◆ **WORK INSTRUCTIONS**
Print the listing exactly as it stands, and skip any pictures in it.

◆ **DATASET EXTRACT**
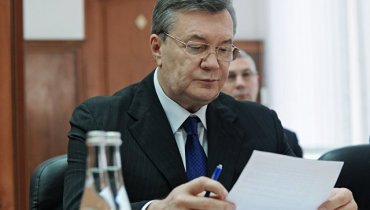 От Януковича сбежал адвокат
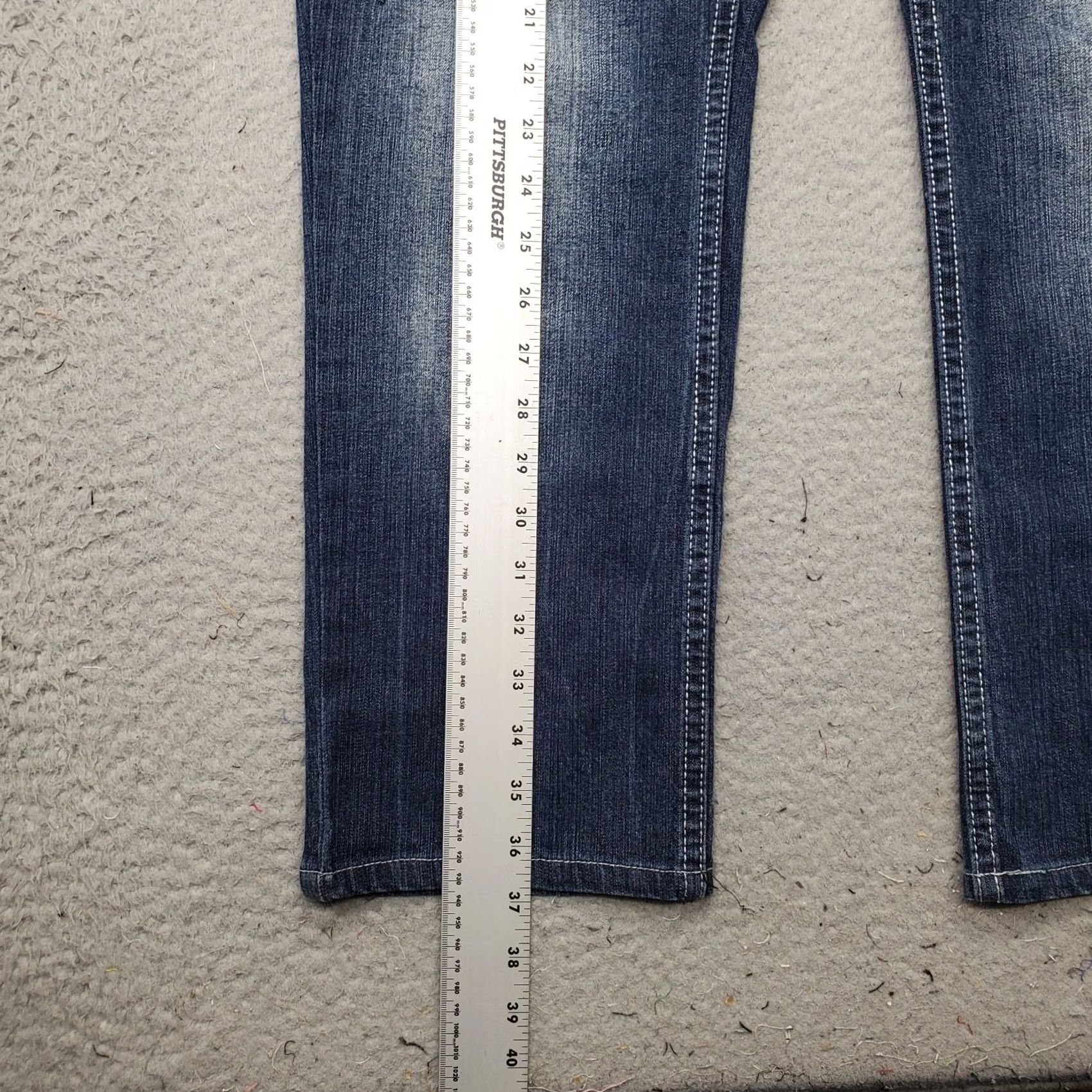 Buffalo David Bitton Buffalo David Bitton Jeans Mens 36 Blue Denim Faded Streetwear Straight Leg Mens Size 36 Blue Denim Straight Leg Jeans Size US 36 / EU 52 - 3 Thumbnail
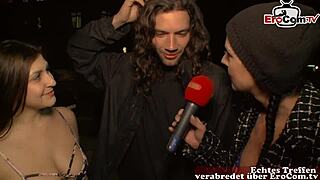 junges schleppt fremde männer ab in öffentliches straßencasting mit flashing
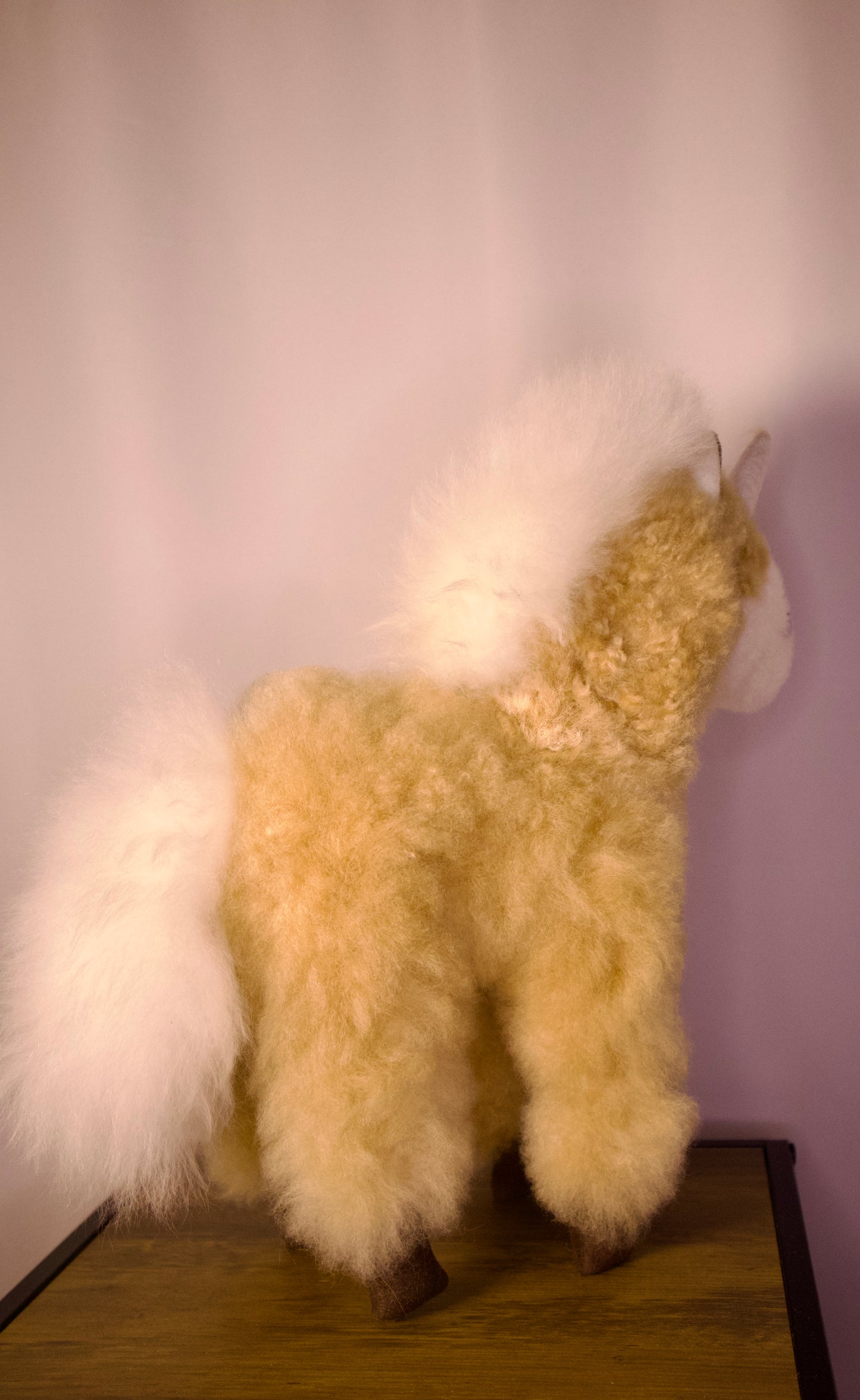 Rankų darbo Vienaragis iš 100 % alpakų vilnos – itin minkštas, hipoalerginis, 32 cm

◆ **EXPECTED ANSWER**
 От Януковича сбежал адвокат
 Buffalo David Bitton Buffalo David Bitton Jeans Mens 36 Blue Denim Faded Streetwear Straight Leg Mens Size 36 Blue Denim Straight Leg Jeans Size US 36 / EU 52 - 3 Thumbnail
 junges schleppt fremde männer ab in öffentliches straßencasting mit flashing
 Rankų darbo Vienaragis iš 100 % alpakų vilnos – itin minkštas, hipoalerginis, 32 cm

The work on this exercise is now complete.